History of the Wolverine
The U.S.S. Wolverine, originally named U.S.S. Michigan.
U.S.S. Michigan was the first iron-hulled warship in the U.S. Navy and the first of her kind on the Great Lakes. Built in Pittsburgh and re-assembled in Erie, she was 167 feet long, displaced 450 tons, and was powered by side-paddlers and sails. Michigan provided a formidable and grand naval presence on the Great Lakes.
After the War of 1812, many Americans had continued to distrust British intentions in Canada and argued for continued military protection of the U.S. northern border. With the British sympathetic towards the Confederacy during the U.S. Civil War, those fears worsened. During the Civil War, U.S.S. Michigan guarded a prison camp for Confederate soldiers on Johnson’s Island, near Sandusky, Ohio. At one point, the Confederacy planned to capture Michigan and launch an attack on the Union from the north.
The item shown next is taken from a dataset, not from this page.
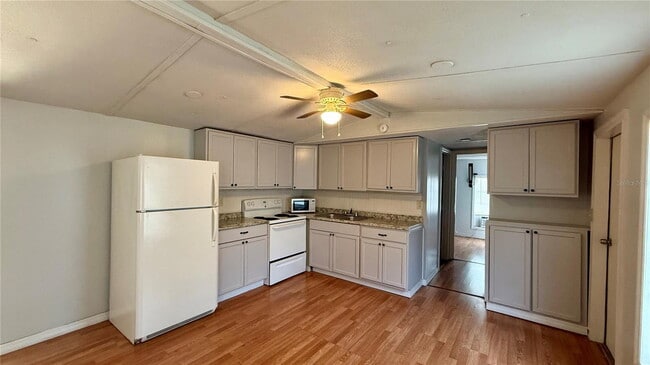 Building Photo - 5109 Hibiscus Rd
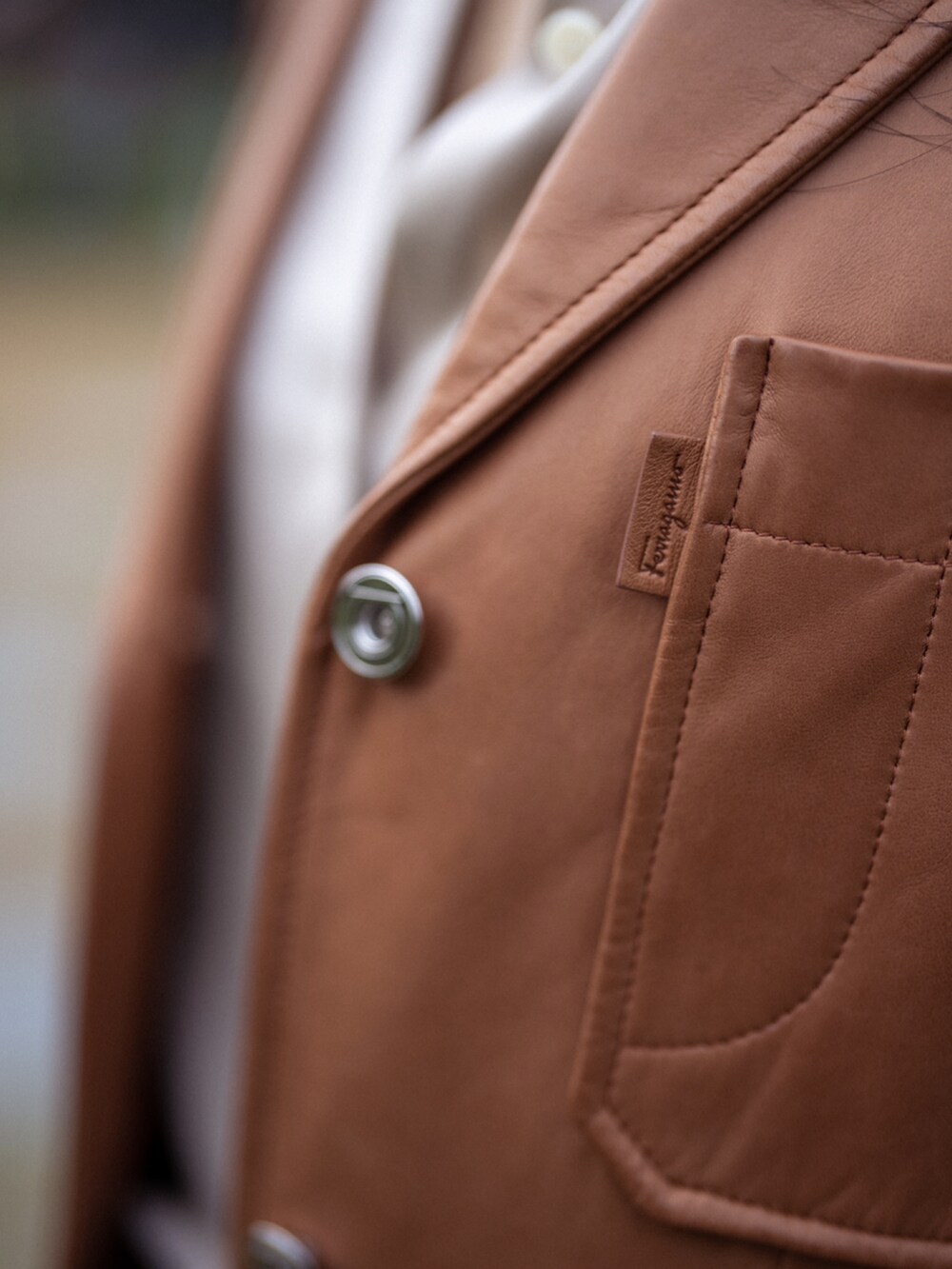 ブラウン系のムートンコート、ベージュ系のブーツを着用したレディースの冬コーディネートの4枚目の写真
The captain and the crew of Michigan discovered and foiled the plan.
In 1905, she was renamed U.S.S. Wolverine when a new battleship was commissioned as U.S.S. Michigan. During the 1913 Centenary commemoration of the Battle of Lake Erie, the Wolverine had the honor of towing the reconstructed Niagara around the Great Lakes in a grand patriotic celebration.
Despite the earlier personal pleas of President and former Navy man Franklin Delano Roosevelt, the U.S.S. Wolverine was scrapped in 1949 when local efforts to save her finally exhausted. Her prow, displayed but exposed to the weather on State Street in Erie, was saved from the scrapman’s torch.
On February 26th 1998, the prow was moved to its new home on the First Mezzanine Level of the Erie Maritime Museum. The prow underwent an extensive restoration that included welding, scraping, painting, and refitting of her scrollwork. The Wolverine exhibit is certain to be popular with Erie residents, naval enthusiasts, and historians.